The budget could be more than $13 billion better off if super tax breaks were scrapped.
The Australia Institute will today release a report showing that the Federal Budget would be more than $13 billion better off if superannuation tax breaks were scrapped and the Age Pension was dramatically increased.
The report’s author, Dr Richard Denniss, told the ABC, “There is nothing in the budget that's going to grow faster than the tax concessions for superannuation.”
"Superannuation concessions are unfair ... the top 5 per cent of income earners get a third of the benefit, and the bottom 20 per cent get literally nothing."
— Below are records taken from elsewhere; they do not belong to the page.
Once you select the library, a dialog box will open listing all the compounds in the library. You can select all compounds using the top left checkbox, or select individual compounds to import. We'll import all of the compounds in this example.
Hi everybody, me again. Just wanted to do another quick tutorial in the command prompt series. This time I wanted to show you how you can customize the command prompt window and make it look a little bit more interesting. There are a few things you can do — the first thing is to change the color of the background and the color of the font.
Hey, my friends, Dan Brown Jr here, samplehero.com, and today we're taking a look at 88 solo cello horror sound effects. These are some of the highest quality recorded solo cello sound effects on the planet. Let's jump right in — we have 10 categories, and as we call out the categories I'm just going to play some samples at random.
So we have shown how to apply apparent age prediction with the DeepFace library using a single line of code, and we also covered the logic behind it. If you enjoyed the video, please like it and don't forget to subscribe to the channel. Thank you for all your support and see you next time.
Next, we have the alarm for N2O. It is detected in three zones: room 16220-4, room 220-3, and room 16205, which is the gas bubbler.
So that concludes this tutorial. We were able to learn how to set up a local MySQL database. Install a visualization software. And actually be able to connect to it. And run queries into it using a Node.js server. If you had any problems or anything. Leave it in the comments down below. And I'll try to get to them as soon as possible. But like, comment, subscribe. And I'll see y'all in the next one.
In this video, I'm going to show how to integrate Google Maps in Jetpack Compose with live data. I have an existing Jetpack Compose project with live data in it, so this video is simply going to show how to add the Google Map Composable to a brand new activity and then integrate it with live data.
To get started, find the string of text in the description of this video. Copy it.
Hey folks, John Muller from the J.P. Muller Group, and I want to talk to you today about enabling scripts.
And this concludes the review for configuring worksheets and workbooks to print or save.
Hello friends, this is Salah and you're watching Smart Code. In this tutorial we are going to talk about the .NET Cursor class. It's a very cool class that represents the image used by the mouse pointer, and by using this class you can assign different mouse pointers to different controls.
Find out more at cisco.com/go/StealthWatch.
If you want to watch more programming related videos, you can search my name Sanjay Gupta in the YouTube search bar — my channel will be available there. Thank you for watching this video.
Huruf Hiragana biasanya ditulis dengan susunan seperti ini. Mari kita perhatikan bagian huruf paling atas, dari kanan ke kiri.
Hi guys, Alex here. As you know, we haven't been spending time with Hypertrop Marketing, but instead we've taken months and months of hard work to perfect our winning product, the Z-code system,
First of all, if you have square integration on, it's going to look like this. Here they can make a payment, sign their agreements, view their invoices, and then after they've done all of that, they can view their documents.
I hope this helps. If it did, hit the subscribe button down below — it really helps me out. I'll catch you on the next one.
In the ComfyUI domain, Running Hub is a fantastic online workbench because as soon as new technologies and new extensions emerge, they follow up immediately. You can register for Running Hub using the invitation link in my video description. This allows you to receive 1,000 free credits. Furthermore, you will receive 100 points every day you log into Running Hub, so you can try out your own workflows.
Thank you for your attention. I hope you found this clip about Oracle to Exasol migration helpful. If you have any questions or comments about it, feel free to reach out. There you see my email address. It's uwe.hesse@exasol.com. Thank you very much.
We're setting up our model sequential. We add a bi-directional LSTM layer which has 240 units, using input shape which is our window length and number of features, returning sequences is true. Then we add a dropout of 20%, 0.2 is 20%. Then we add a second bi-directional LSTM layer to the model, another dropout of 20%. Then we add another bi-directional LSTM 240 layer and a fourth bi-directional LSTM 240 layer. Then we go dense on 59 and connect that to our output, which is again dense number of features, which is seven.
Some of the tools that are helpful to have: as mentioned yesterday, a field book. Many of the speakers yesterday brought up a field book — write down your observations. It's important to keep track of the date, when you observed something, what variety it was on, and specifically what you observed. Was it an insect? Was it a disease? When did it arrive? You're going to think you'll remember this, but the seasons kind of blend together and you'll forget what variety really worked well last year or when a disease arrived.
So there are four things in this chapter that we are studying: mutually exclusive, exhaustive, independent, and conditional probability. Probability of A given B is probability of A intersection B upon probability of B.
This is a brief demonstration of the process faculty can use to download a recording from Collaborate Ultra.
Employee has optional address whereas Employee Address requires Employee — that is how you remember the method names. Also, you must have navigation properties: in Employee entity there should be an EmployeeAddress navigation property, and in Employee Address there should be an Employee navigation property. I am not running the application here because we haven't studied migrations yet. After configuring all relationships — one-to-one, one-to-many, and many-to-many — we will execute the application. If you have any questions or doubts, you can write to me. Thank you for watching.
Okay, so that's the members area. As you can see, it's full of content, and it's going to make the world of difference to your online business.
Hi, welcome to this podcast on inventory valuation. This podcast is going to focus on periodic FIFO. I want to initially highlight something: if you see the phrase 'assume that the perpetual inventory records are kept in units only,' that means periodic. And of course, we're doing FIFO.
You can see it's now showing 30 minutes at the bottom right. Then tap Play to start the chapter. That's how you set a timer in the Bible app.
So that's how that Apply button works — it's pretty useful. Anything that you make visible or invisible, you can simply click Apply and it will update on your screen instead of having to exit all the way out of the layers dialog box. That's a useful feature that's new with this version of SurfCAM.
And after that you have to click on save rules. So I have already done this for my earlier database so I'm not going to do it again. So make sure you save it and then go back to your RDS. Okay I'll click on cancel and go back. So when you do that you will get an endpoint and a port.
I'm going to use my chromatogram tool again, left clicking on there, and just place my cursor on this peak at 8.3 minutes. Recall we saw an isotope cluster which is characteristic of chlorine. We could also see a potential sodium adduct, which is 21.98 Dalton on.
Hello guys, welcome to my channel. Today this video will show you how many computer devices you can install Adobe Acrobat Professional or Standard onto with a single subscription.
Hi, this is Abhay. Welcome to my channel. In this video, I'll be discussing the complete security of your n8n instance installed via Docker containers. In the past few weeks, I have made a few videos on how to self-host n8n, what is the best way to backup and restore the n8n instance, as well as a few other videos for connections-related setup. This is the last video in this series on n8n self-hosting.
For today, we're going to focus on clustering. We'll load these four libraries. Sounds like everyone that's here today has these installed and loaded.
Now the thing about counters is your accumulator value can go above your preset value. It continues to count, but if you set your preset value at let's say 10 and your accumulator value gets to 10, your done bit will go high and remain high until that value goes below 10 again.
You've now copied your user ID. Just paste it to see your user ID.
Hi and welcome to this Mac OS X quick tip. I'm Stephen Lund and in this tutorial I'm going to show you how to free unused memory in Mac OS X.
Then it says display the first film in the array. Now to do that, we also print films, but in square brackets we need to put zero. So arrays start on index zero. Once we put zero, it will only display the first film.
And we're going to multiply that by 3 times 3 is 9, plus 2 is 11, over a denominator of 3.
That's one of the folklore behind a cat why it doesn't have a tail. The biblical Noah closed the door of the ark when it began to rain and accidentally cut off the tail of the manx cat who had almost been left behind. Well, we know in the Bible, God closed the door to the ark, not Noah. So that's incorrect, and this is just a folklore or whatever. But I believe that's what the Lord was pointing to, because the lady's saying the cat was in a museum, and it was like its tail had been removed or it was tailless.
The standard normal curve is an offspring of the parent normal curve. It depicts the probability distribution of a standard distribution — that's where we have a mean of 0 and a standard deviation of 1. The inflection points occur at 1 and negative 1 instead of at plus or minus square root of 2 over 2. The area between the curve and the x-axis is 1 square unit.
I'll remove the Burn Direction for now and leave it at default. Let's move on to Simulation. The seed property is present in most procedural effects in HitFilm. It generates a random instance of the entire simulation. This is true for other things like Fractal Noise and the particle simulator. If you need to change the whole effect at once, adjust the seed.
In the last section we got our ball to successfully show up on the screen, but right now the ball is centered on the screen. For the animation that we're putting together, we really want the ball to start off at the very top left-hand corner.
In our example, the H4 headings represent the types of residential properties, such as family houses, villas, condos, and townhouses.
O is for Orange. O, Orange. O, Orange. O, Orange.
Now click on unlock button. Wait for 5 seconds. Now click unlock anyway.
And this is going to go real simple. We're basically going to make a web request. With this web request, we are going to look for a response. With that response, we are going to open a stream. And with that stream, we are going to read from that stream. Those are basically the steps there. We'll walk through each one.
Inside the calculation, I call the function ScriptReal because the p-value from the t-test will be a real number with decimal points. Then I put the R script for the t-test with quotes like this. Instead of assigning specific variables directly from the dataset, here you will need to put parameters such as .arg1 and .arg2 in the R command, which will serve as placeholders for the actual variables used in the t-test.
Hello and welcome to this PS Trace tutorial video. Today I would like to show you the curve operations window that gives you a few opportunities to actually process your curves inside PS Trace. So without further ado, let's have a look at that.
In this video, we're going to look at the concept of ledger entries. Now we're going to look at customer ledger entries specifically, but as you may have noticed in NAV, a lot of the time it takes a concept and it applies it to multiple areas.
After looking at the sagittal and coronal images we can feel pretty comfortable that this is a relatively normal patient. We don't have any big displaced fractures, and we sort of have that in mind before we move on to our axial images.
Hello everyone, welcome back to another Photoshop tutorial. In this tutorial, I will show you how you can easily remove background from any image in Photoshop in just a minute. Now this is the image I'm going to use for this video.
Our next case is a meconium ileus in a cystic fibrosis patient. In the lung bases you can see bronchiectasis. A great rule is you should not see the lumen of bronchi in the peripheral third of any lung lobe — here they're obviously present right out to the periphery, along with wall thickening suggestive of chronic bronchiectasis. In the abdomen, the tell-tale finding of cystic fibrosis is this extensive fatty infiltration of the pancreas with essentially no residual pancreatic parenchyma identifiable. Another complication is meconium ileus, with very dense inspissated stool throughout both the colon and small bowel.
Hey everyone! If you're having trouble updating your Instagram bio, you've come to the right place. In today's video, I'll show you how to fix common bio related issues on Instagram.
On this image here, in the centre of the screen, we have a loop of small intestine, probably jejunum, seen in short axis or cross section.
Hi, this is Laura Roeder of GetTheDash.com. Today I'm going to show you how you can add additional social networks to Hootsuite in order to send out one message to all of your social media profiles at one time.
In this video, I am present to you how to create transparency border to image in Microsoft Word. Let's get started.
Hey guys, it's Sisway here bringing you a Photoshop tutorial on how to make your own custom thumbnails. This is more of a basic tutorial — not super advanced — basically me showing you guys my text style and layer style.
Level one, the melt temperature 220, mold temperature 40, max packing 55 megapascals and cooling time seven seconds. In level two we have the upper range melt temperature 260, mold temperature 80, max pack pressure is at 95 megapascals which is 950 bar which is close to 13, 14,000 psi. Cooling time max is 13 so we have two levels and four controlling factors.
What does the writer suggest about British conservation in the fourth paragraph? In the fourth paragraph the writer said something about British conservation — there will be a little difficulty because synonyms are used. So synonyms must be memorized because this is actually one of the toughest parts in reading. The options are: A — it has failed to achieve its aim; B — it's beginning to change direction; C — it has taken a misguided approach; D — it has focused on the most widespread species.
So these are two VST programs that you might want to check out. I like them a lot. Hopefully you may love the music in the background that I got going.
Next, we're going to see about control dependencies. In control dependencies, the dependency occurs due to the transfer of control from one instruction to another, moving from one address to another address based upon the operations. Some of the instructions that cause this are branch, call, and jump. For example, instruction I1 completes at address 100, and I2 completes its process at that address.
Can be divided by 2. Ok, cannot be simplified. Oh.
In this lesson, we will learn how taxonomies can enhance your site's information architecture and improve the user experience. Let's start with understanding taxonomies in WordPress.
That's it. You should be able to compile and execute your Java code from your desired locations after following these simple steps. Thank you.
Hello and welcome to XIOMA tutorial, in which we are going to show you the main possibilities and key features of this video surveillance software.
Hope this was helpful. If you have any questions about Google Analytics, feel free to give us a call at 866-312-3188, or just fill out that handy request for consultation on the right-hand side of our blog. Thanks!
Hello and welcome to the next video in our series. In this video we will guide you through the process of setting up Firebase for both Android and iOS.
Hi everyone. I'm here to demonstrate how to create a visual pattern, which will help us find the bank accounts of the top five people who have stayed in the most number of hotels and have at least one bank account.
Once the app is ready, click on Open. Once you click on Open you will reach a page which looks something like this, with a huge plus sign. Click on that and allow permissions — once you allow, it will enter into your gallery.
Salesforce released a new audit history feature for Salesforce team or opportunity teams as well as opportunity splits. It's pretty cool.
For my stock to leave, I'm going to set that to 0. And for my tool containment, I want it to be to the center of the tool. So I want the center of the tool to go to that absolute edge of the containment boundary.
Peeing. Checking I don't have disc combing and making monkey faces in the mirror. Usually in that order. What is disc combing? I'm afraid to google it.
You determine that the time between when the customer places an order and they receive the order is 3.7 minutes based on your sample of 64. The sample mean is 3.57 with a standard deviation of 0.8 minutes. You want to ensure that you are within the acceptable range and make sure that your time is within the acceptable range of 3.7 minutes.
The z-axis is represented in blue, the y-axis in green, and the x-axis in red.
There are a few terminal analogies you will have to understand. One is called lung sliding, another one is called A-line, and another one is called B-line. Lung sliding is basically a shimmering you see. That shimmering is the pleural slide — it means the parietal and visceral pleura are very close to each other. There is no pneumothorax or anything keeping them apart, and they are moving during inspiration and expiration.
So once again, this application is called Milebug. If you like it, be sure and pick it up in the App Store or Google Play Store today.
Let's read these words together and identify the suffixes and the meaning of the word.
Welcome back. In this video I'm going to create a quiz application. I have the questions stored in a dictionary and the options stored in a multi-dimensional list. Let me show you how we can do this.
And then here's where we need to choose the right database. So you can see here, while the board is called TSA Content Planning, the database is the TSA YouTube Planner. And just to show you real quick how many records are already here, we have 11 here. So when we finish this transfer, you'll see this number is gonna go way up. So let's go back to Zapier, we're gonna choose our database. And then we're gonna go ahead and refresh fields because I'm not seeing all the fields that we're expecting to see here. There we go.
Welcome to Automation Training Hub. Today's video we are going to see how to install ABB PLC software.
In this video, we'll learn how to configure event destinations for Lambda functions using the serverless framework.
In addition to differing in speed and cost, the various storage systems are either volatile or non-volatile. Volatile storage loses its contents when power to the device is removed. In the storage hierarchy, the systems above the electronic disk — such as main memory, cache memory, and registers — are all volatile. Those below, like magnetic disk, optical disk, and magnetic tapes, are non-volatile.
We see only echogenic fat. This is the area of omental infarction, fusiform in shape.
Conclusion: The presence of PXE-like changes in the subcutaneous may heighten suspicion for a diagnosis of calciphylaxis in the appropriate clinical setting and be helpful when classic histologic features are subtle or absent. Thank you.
Currently, the Federal Government assists retirees financially in two major ways: superannuation tax concessions and the Age Pension. According to Dr Denniss, the combined costs for these are currently around $70 billion, which is set to increase to $100 billion by 2020, just six years from now.
The radical report suggests scrapping superannuation tax concessions entirely, and instead introducing a universal, non-means-tested Age Pension. This new Age Pension would be increased to give singles $26,273 per year and couples about $39,611. This would, overall, cost about $52 billion each year, a saving of at least $13 billion when compared to the current system. The report says this would also help to deliver money to women and those under financial difficulty.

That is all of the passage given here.